Madison was initially introduced on June 30, 2003. It was initially available in three versions: 1.3 GHz with 3 MiB of cache, 1.4 GHz with 4 MiB of cache and 1.5 GHz with 6 MiB of cache. Manufactured in a 130 nm process, it had a die size of 374 mm². Its power envelope remained unchanged from McKinley at 130 watts. On September 8, 2003, a 1.4 GHz version with 1.5 MiB of cache was released. 1.4 GHz and 1.6 GHz versions with 3 MiB of cache were launched on April 13, 2004. November 8, 2004 saw the release of the first processor in the Madison 9M series, at 1.6 GHz with 9 MiB of cache. On July 18, 2005, more variations of the Madison 9M were introduced, including 1.67 GHz models with a 333 MHz FSB and either 6 MiB or 9 MiB of cache. On introduction, the latter part set a record SPECfp2000 result of 2,801 in a Hitachi, Ltd. Computing blade.
In January 2005 OpenVMS was added to the line up of Operating Systems able to run on these processors.
Hondo was announced as the HP mx2 dual-processor module on February 18, 2003 and started shipping in early 2004. It consists of two Madison cores with 32 MiB of L4 cache and fits in the same space as a normal Itanium 2 CPU. It is only available from HP. Currently the cores run at 1.1 GHz with 4 MiB L3 cache each.
HP-UX, OpenVMS, Windows and Linux for Itanium were able to use the mx2 variant.
Deerfield was released on September 8, 2003. With 1.5 MiB of cache, running at 1 GHz, this was the first low voltage Itanium processor. Its 62 watt power envelope made it more suited for blade and 1U servers.
The Fanwood core debuted on November 8, 2004. Versions include a 1.6 GHz edition with 3 MiB of L3 cache with either 200 MHz or 266 MHz front side bus and a low voltage 1.3 GHz version with 3 MiB L3 cache at 200 MHz.
The Dual-Core Intel Itanium 2 processor 9000 series (code-named Montecito) was released on July 18, 2006. Montecito is the first Itanium processor to have two cores per die. It was originally planned to feature advanced power and thermal management improvements. However, the originally planned Foxton dynamic clock speed feature was removed due to unspecified engineering issues (it is under consideration by Intel for inclusion in future Itanium 2 processor versions). Despite the elimination of this feature, Intel reports that Montecito doubles the performance of its single-core predecessor, while reducing power consumption by approximately 20 percent.  It also adds multi-threading capabilities (two threads per core), a greatly expanded cache subsystem (12 MB per core), and silicon support for virtualization. Manufactured in a 90nm process, Montecito debuted with speeds between 1.4 GHz for a low-power configuration and 1.6 GHz / 12 + 12 MiB L3 at the high end. The front side bus runs at 400 MHz and 533 MHz.
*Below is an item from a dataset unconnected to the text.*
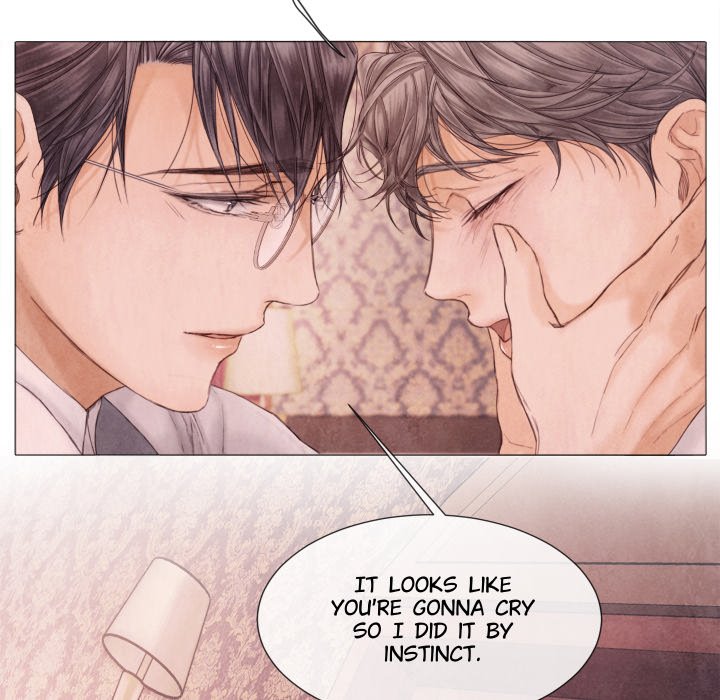 Broken Boy - episode 55 - 95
The future of the Itanium family apparently lies in multi-core chips, as the available information about coming generations, such as Montvale and Tukwila shows. (Those are internal code names; the final products will most likely also bear the Itanium brand, possibly as Itanium 3 or perhaps just Itanium 2.).
Montvale is expected to be a revision of Montecito bringing higher clock speeds, larger caches, and a faster FSB.
Tukwila, the first 65 nanometer design, is due in 2008. Tukwila will consist of 4 cores, with each core being multithreaded. It is going to feature a new bus called Common System Interface and an on-die memory controller. Ultimately, CSI is intended to provide socket compatibility with Xeon processors; however, as of October 2005, the CSI roadmap for Xeon processors has been delayed until at least 2009.
Few details are known, other than the existence of the codename.